Start of Block

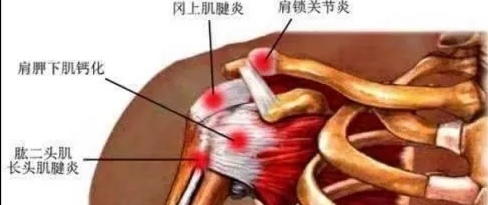 弧刃针一次搞定腱鞘炎,腱鞘炎手腕疼一招搞定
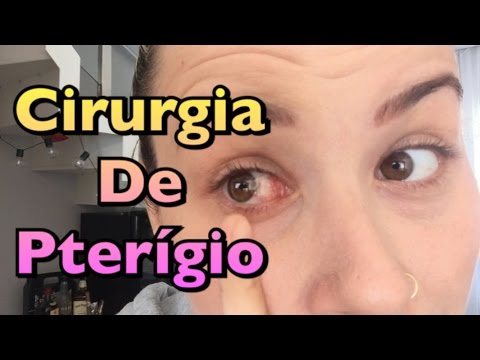 , title : 'Pré e Pós cirurgia do Pterígio'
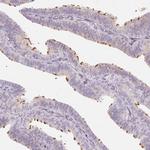 LRRC23 Antibody in Immunohistochemistry (Paraffin) (IHC (P))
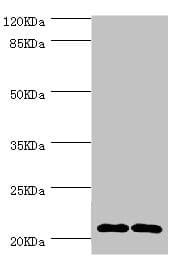 CMPK / CMPK1 Antibody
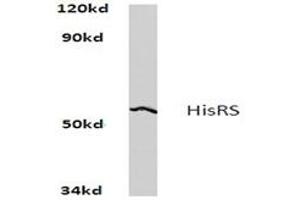Image no. 1 for anti-Histidyl-tRNA Synthetase (HARS1) antibody (ABIN272164)
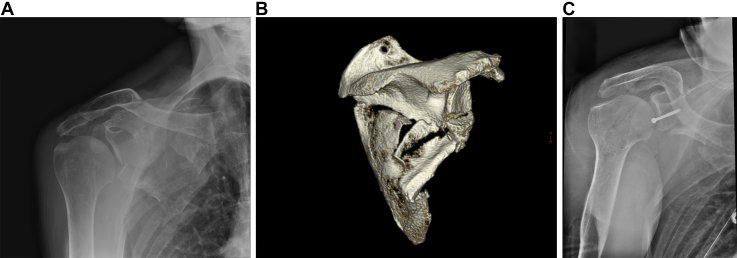 Fig 1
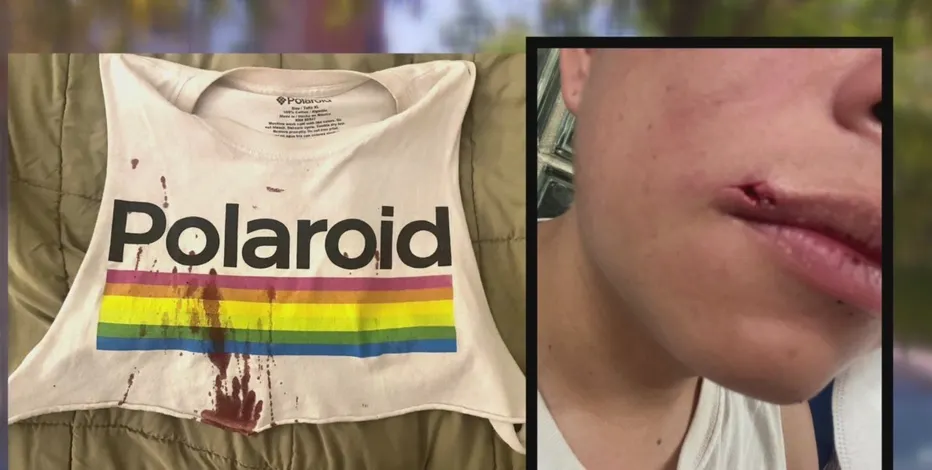 August 9: Two gay men in Washington, DC physically assaulted and targeted with anti-gay slurs &amp; references to mpox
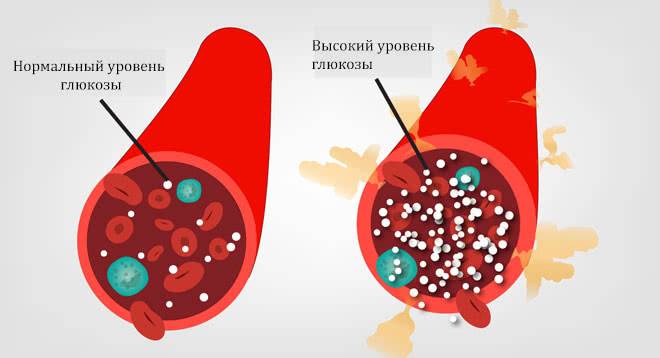 Уровень глюкозы в крови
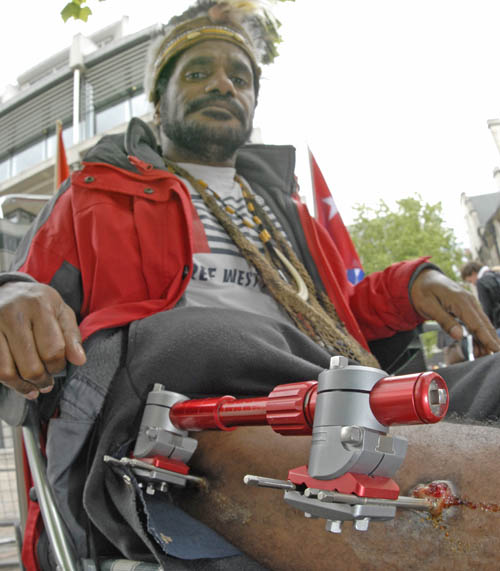 Benny show me his wounds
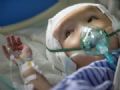  Tecnologia em 3D salva vida de criana com hidrocefalia na China Hanhan, de trs anos, passa bem depois da cirurgia de implante de peas de titnio em seu crnio (Foto: Stringer/Reuters)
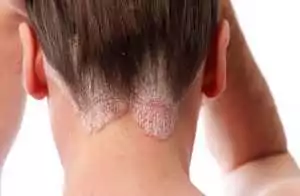 psoriasis-on-the-hairline-and-on-the-scalp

End of Block

--- What to work on ---
What is needed is an exact repeat of the lines from the one containing "CMPK / CMPK1 Antibody" through the last line of the records above, both included, with pictures left out.

--- Output for this task ---
 CMPK / CMPK1 Antibody
Image no. 1 for anti-Histidyl-tRNA Synthetase (HARS1) antibody (ABIN272164)
 Fig 1
 August 9: Two gay men in Washington, DC physically assaulted and targeted with anti-gay slurs &amp; references to mpox
 Уровень глюкозы в крови
 Benny show me his wounds
  Tecnologia em 3D salva vida de criana com hidrocefalia na China Hanhan, de trs anos, passa bem depois da cirurgia de implante de peas de titnio em seu crnio (Foto: Stringer/Reuters)
 psoriasis-on-the-hairline-and-on-the-scalp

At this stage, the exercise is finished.